Delta Wing Demonstrator (DWD16)

Can a flyable aircraft be designed and built in 1 hour?

The Delta Wing Demonstrator is the result of this challenge in rapid aircraft design. Unfortunately, the answer was no. The aircraft actually required 1 hour and 20 minutes.

Specifications:

  • 70 degree delta wing (foam board)
  • Foam keel and motor mount
  • Elevon flight control system (2 servos)
  • Emax 2215-09 motor
  • LiPo 2200 mAh 3S

After demonstrating that the DWD16 was flyable, it transitioned into a low-cost demonstrator aircraft. Multiple configurations variations were flight tested. Most of the variations were taped or glued to the delta wing structure and removed after testing.

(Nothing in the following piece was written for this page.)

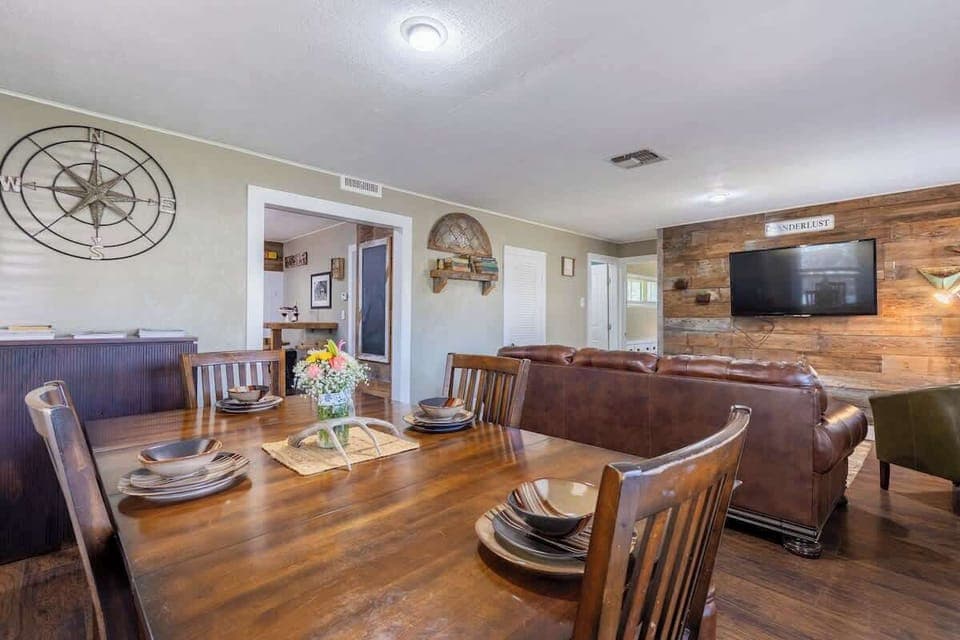 River Haus Dining Area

  • Stock: The stock delta wing flew; however, the wing rock at above 5-10 degrees AOA decreased flight handling qualities below what I considered acceptable. The wing rock magnitude created difficulty in hand launching.
  • CG: After the initial flight, the CG was moved from 0% static margin to 15% static margin. During the design/build period, I carefully determined the ac and then designed the CG about that point. This was a good lesson in attention to details on unconventional designs, as I always tip test for CG on traditional wings.
  • Canard: A canard was tested to evaluate a claim of wing roll reduction. A slight reduction in wing rock appeared at the expense of flight efficiency. Removed.
  • Verticals: 5 different configurations of verticals were tested. The single aft vertical consistently gave the best stability and performance. The single upper vertical configuration reduced wing rock to acceptable levels within the effective flight envelope; the high AOAs where wing rock was visible with the single vertical have too much drag to maintain steady flight. Problem fixed. Interestingly, the twin verticals (i.e. SR71 style) shown in the videos demonstrated significantly elevated separation drag on the outboard vertical surfaces. CRS and I captured the separation with tufts during a test flight. A single forward vertical may reduce wing rock at moderate AOA, but is not as effective (and destabilizing in the yaw axis) as the aft mounting.
  • Vectored Thrust: The original configuration included a cutout in the delta wing aft of the propeller. At low speeds, the control surface effectiveness decreased to essentially zero. LD, Simon, and I experienced a hard landing after losing roll and pitch control during a high alpha low-altitude test. My fix was to add elevons in the propwash, creating a type of vectored thrust. The maneuverability was significantly increased (e.g. loops in 3 chords). Increasing the area also slightly increased the static margin. deltahr1bis

Wing rock in a delta wing configuration must absolutely be a consideration in the flight control system design. At the higher AOAs, the time to double (or cycles to double) is low enough to easily pull the pilot into PIO or uncontrollable attitudes.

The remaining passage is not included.